Fix: Open the file in a text editor and re-save as UTF-8. Or use CSVtoSheets, which handles encoding detection automatically.

Data ends up in a single column

This happens when the CSV uses semicolons or tabs as delimiters instead of commas — common in European data exports.

Fix: Use the manual import dialog (File → Import → Upload) and explicitly set the delimiter. CSVtoSheets handles this automatically.

The file opens in Excel instead of Google Sheets

Your Mac's default file handler is set to Microsoft Excel (or another app) for CSV files.

Fix: Install CSVtoSheets to set Google Sheets as your default CSV handler on Mac.

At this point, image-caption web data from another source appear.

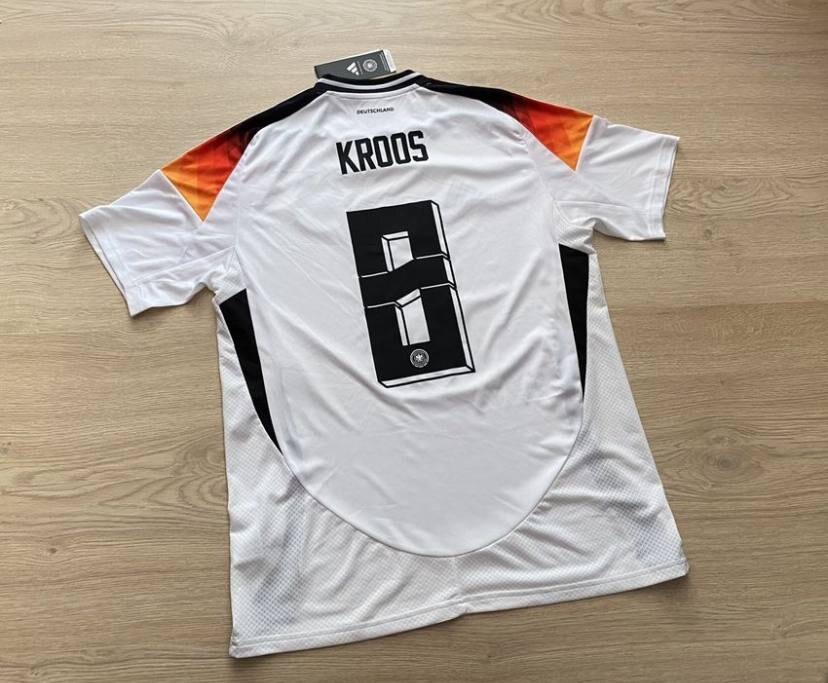 Adidas NT Germany #8 Toni Kroos Football Soccer 2023/2024
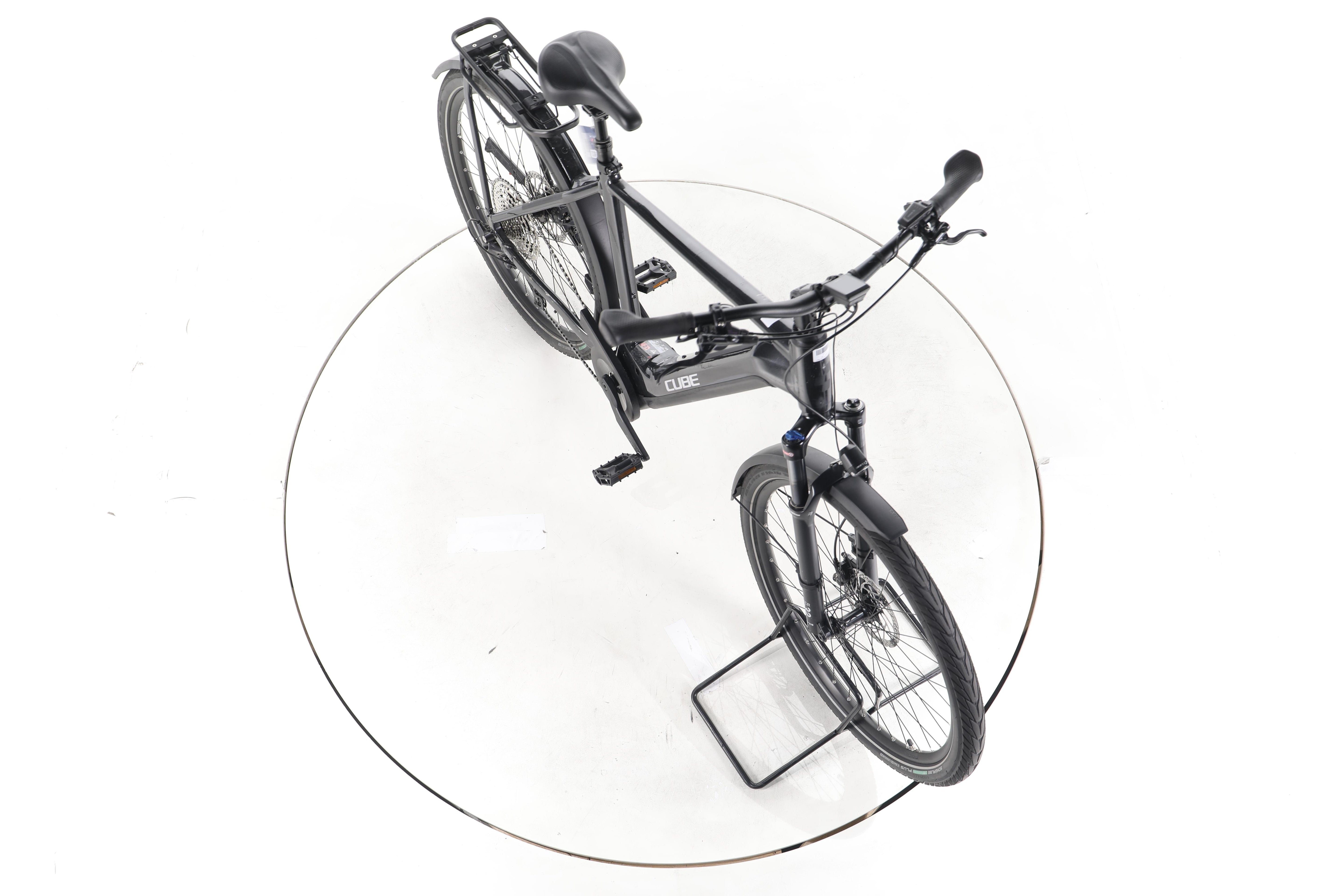 Cube Kathmandu Hybrid EXC Trekking E-Bike - Image 15
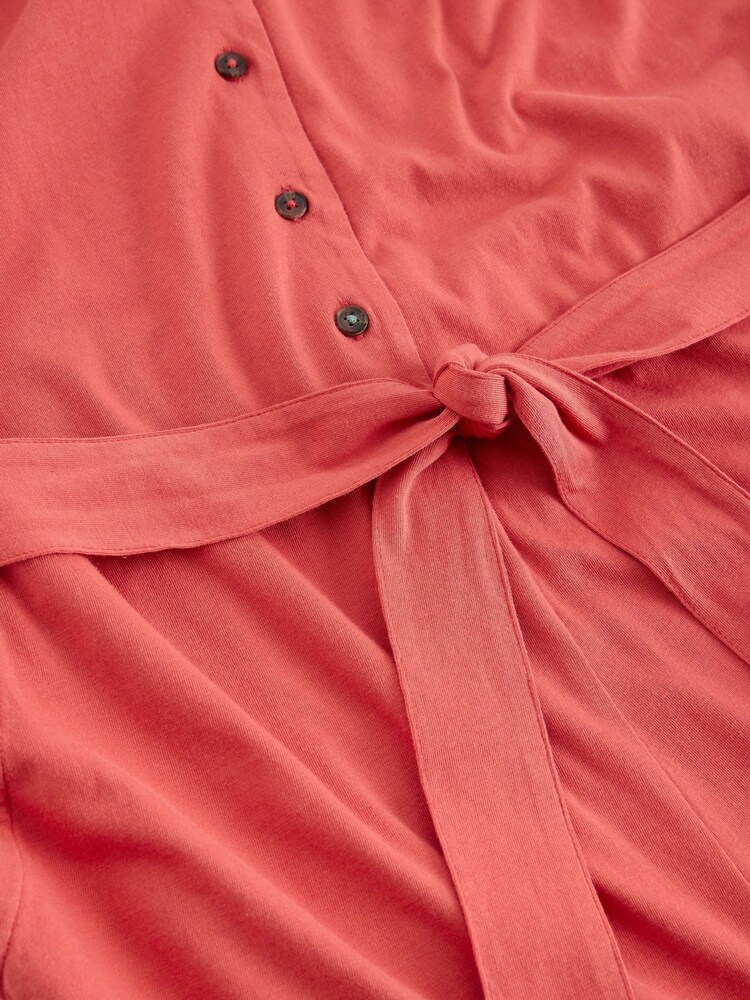 White Stuff Pink Isabella Jersey Jumpsuit - Image 6 of 6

Frequently Asked Questions

Can I import a CSV directly from my Mac without uploading to Drive first?

Yes — CSVtoSheets handles this automatically. With the manual method, you must upload to Drive first.

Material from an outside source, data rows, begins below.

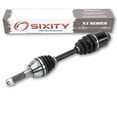 thumbnail image 2 of Sixity XT Rear Right Axle compatible with Polaris Sportsman 500 2008 - A08MH50SS SQ Scandinavian 4X4, 2 of 3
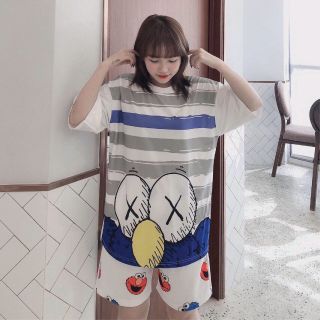 Set bộ nữ in 3D hoạt hình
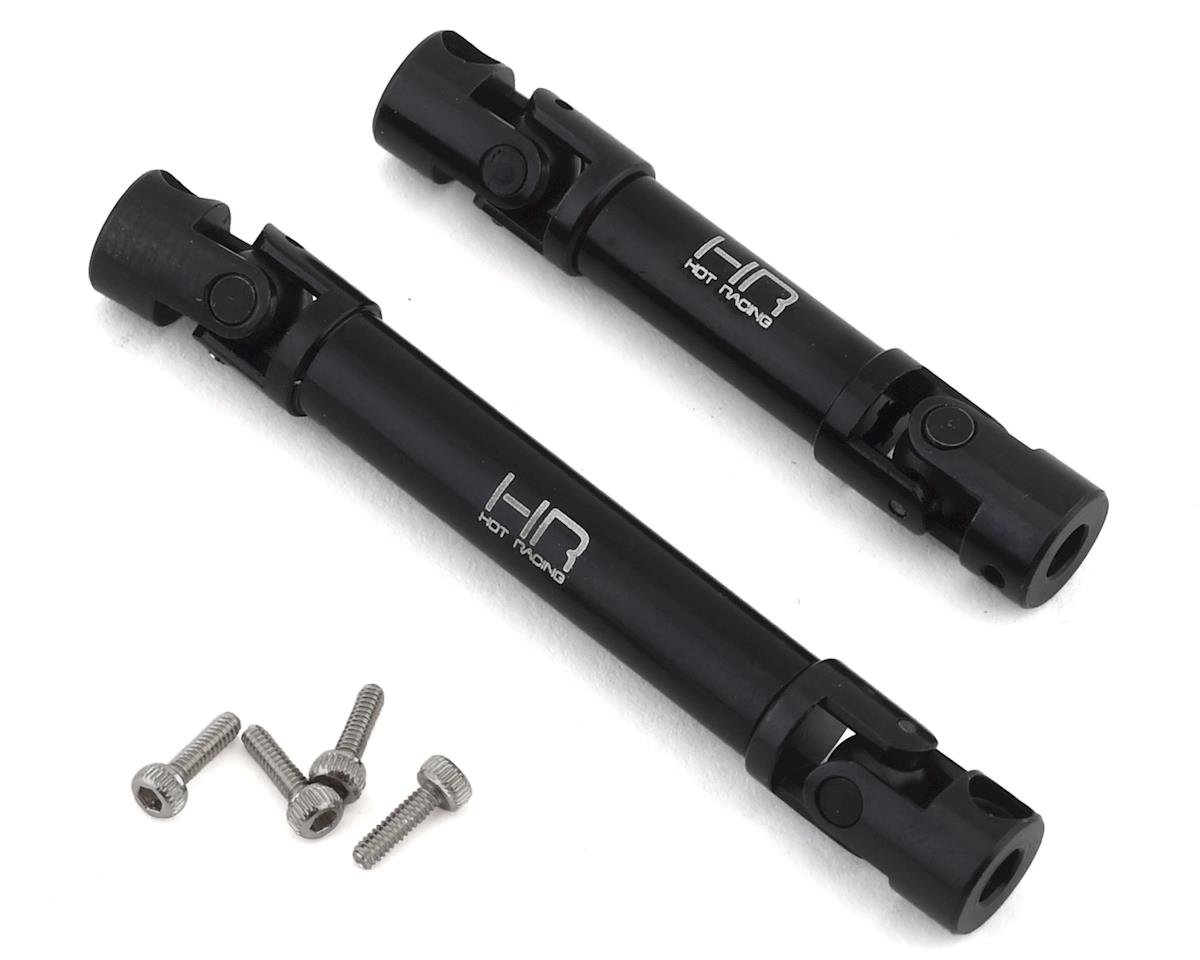 Hot Racing Axial SCX24 Steel Center Driveshaft (AXI00002V2 & AXI00001) (HRASXTF37M01)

Does Google Sheets support semicolon-delimited CSV files?

Yes, but only through the File → Import menu (not drag-and-drop). Set the delimiter manually in the import dialog.

Is there a file size limit for CSV imports in Google Sheets?

Google Sheets supports files up to 100 MB via Drive upload. For larger files, you'll need Apps Script or a third-party tool.

Can I import multiple CSV files at once?

Not natively. The manual method requires uploading files one at a time. CSVtoSheets opens each file individually with a double-click, but for true batch importing, see our guide on how to batch convert CSV files to Google Sheets.

Will my formulas work after importing a CSV?

No — CSV files only store values, not formulas. After import, you'll need to re-add any formulas manually.


The Bottom Line

If you're on a Mac and import CSV files more than once a week, CSVtoSheets pays for itself in the first hour. The manual method is fine for occasional one-off imports. IMPORTDATA is useful for live data feeds. Apps Script is for teams with engineering resources.

For everything else: one double-click, and you're in Google Sheets.